It is finally over. I am finally letting it all go. I had cried enough, in fact I cried just last night. Sitting at my playground pouring my heart out, is certainly not cool at all. I am never that crazy, or unsure with myself. And you messed me up badly.
What a loser I was.
In the end, you chose. In the end you always chose, make the decision and ultimately unknowingly hurting me in the process of you deciding what to do with your life. You claimed to be killing yourself over it, and hey i always accept any decision made. Cause I never once and will ever force people to do things my way.
If you think that you’re more important. Then that is fine. At least I am free to move on and do the things i want to do.
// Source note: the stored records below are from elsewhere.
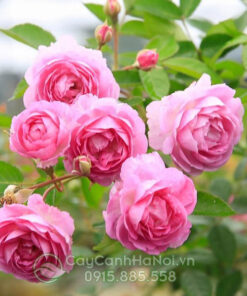 Hoa hồng leo mary rose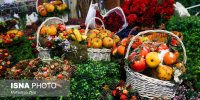 یلدا در ترازوی معیشت؛ تغییر الگوی خرید بدون حذف سنت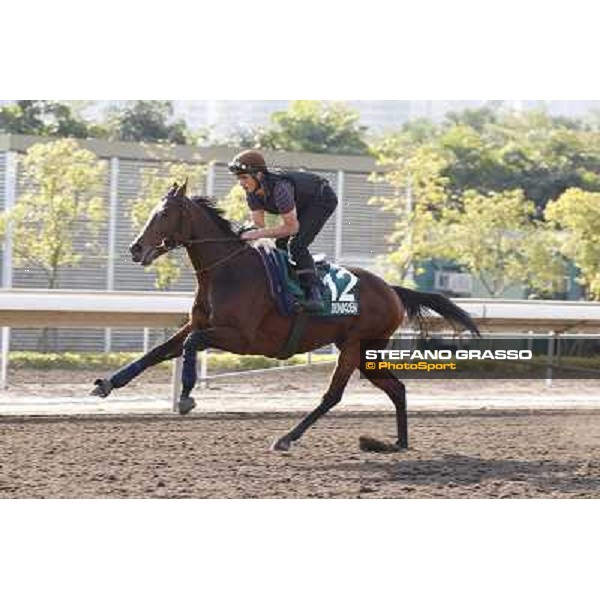 morning workout - Dunaden Hong Kong,Sha Tin racecourse,5th dec.2013 ph.Stefano Grasso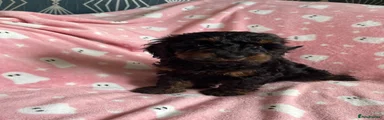 Cockapoo 1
The funny thing was, on the last statement, you re-emphasize that I have changed, who did I changed for? It is not your fault entirely for I allowed myself to change. Another stupid moment of mine, and a valuable lesson learnt.
Never change oneself for the sake of others, cause in the end he will simply pick on you anyways. Even though you changed, cause the other party claimed that you are too wild for his taste.
Buttered last night was very much-needed. I may looked all over the place last night, with booze and boys, but seriously I am crying and going crazy. I always have to put on a fake front as usual. People who know me well enough, knows that I hate to show my true emotions.
I kept thinking and thinking as usual. My girlfriends were wonderful, supporting me through. I really can’t thank them enough to just be there.
No questions asked, no answers demanded.
Last night was wild period. Imagine me on the podium. LOL, won a bottle of Hennessy and going crazy with the girls, ignoring and blatantly teasing the boys. Heh… A random night that I appreciate a lot.
Seriously, I need time for myself. A holiday to settle the mind and a place to cry for one final time to myself.